# About this task
Output every line below exactly.

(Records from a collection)
= Beginning of Section =
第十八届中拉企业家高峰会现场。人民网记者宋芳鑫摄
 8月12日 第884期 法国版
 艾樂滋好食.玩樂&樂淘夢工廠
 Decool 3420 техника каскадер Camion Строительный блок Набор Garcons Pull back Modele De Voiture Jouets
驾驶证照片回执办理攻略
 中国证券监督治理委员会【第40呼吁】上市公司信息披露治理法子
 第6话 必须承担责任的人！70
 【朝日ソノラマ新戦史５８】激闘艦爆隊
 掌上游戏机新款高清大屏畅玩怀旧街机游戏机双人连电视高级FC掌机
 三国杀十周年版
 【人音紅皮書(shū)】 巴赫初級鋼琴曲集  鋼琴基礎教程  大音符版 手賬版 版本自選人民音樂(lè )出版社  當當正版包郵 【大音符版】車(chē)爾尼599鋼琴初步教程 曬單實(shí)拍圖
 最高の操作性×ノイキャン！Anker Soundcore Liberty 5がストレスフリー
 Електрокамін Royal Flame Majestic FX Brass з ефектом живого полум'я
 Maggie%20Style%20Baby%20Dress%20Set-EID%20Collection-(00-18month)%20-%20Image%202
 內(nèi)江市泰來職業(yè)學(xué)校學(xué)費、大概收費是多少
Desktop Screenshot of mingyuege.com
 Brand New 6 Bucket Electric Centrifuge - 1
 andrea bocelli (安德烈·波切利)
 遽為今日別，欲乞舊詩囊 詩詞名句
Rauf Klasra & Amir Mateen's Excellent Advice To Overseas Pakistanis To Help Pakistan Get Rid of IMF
= End of Section =
# Answer area
第十八届中拉企业家高峰会现场。人民网记者宋芳鑫摄
 8月12日 第884期 法国版
 艾樂滋好食.玩樂&樂淘夢工廠
 Decool 3420 техника каскадер Camion Строительный блок Набор Garcons Pull back Modele De Voiture Jouets
驾驶证照片回执办理攻略
 中国证券监督治理委员会【第40呼吁】上市公司信息披露治理法子
 第6话 必须承担责任的人！70
 【朝日ソノラマ新戦史５８】激闘艦爆隊
 掌上游戏机新款高清大屏畅玩怀旧街机游戏机双人连电视高级FC掌机
 三国杀十周年版
 【人音紅皮書(shū)】 巴赫初級鋼琴曲集  鋼琴基礎教程  大音符版 手賬版 版本自選人民音樂(lè )出版社  當當正版包郵 【大音符版】車(chē)爾尼599鋼琴初步教程 曬單實(shí)拍圖
 最高の操作性×ノイキャン！Anker Soundcore Liberty 5がストレスフリー
 Електрокамін Royal Flame Majestic FX Brass з ефектом живого полум'я
 Maggie%20Style%20Baby%20Dress%20Set-EID%20Collection-(00-18month)%20-%20Image%202
 內(nèi)江市泰來職業(yè)學(xué)校學(xué)費、大概收費是多少
Desktop Screenshot of mingyuege.com
 Brand New 6 Bucket Electric Centrifuge - 1
 andrea bocelli (安德烈·波切利)
 遽為今日別，欲乞舊詩囊 詩詞名句
Rauf Klasra & Amir Mateen's Excellent Advice To Overseas Pakistanis To Help Pakistan Get Rid of IMF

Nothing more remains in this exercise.